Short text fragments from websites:
+-------+

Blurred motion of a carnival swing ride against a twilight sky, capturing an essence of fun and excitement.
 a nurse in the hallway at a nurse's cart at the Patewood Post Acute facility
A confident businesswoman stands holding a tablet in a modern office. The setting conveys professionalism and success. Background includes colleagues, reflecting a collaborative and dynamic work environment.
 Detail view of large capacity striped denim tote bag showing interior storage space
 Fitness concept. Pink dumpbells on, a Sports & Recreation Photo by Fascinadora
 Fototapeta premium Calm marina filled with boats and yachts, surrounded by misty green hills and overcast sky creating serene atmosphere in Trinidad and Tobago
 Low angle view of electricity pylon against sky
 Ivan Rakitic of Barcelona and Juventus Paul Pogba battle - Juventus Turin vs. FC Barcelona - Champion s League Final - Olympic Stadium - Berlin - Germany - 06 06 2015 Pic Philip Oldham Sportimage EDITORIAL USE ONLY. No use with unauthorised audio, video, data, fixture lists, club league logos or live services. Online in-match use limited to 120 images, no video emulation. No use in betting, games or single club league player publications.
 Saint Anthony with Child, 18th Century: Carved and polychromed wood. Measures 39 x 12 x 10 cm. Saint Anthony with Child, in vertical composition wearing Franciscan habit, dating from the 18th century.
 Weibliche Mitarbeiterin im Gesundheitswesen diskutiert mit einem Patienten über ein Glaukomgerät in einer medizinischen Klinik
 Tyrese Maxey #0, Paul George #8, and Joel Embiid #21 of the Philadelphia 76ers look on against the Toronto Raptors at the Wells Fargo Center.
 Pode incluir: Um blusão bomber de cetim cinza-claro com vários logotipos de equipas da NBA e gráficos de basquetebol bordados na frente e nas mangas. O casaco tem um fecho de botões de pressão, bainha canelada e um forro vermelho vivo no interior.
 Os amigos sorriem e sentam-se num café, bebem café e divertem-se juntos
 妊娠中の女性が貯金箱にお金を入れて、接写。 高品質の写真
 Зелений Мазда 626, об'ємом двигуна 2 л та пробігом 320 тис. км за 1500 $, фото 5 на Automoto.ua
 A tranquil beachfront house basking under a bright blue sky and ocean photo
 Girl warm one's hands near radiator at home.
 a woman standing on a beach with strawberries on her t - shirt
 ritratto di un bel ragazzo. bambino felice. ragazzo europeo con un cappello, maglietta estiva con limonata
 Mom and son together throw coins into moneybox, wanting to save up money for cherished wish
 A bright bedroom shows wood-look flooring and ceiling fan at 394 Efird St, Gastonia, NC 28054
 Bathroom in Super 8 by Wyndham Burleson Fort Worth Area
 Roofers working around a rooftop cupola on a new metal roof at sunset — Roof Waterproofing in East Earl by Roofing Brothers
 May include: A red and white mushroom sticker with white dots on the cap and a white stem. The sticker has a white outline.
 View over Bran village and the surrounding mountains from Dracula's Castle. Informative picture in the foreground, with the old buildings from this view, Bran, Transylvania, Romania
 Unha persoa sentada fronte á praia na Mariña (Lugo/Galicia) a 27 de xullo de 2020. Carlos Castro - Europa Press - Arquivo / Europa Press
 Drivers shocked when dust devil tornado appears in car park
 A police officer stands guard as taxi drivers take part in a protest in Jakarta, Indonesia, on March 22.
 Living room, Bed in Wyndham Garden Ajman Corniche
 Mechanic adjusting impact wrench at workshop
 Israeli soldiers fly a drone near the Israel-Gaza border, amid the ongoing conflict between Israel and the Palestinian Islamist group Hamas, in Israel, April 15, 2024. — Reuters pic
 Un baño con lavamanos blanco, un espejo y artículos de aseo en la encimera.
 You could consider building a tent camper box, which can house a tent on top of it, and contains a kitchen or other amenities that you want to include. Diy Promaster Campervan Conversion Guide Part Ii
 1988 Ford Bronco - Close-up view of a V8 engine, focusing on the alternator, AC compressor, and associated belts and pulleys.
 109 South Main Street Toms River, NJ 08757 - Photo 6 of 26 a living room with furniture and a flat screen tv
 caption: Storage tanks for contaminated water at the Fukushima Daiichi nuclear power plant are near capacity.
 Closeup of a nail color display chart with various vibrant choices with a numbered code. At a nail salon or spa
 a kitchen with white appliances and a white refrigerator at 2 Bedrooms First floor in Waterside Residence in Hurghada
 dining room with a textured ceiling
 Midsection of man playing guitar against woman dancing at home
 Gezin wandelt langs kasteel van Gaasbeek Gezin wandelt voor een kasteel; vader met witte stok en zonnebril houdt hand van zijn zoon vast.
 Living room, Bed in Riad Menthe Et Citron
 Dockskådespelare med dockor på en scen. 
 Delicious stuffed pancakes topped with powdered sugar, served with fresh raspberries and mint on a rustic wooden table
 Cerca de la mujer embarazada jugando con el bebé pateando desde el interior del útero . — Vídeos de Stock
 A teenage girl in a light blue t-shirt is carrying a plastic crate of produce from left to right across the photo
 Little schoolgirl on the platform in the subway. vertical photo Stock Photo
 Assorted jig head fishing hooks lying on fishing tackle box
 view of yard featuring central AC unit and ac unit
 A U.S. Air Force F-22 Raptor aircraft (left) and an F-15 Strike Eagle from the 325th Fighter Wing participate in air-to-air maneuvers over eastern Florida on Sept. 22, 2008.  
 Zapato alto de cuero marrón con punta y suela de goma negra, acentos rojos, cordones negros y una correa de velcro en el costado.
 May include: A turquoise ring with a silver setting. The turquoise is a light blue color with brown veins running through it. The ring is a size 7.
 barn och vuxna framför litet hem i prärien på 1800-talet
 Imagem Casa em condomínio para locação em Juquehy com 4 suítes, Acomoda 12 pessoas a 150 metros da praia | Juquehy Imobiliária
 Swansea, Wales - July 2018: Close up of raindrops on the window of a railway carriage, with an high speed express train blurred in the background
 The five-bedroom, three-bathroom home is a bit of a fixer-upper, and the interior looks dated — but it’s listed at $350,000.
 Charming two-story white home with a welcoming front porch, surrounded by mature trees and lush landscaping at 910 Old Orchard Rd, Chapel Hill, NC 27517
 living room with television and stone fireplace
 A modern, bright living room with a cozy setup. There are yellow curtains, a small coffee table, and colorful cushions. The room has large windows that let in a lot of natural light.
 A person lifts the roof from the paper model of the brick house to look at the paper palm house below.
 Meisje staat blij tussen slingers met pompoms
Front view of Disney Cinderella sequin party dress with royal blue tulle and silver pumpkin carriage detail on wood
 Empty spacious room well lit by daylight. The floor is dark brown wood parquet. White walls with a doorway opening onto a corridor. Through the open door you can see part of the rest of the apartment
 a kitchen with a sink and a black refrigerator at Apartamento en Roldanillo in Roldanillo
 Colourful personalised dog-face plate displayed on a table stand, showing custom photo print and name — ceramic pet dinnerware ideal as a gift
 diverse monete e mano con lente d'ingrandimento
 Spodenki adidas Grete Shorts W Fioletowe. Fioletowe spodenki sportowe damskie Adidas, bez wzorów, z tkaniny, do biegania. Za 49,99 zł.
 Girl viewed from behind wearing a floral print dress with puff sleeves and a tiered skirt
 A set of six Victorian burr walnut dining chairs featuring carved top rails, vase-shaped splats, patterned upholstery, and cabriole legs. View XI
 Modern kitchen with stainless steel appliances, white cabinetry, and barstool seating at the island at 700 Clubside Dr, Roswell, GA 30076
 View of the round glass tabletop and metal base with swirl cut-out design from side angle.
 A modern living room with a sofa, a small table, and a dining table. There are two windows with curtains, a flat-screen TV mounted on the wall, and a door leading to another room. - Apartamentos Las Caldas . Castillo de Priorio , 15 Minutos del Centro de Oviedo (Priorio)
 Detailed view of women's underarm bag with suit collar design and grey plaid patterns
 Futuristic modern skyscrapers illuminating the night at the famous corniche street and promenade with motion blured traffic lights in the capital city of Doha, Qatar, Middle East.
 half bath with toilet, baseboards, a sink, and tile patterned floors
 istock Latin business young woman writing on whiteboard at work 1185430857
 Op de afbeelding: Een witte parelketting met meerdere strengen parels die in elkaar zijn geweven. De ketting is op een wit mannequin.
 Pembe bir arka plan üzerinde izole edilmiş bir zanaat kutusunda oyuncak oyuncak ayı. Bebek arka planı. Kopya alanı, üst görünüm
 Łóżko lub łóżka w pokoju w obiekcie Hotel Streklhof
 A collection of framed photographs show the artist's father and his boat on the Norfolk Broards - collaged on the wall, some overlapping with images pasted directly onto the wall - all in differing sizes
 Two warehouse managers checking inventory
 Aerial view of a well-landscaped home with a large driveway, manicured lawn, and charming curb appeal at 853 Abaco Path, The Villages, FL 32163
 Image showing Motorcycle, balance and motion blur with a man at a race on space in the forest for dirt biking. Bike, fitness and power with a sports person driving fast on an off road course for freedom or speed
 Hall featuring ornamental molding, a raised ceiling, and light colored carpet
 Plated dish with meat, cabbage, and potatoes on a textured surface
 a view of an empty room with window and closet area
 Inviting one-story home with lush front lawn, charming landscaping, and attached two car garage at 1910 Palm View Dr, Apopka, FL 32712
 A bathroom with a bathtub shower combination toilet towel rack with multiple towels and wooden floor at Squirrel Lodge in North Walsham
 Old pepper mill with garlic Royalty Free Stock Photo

+-------+

## [What you will do]
Exactly one number is the answer: how many lines in the data include the word "motion".

## [Written reply]
3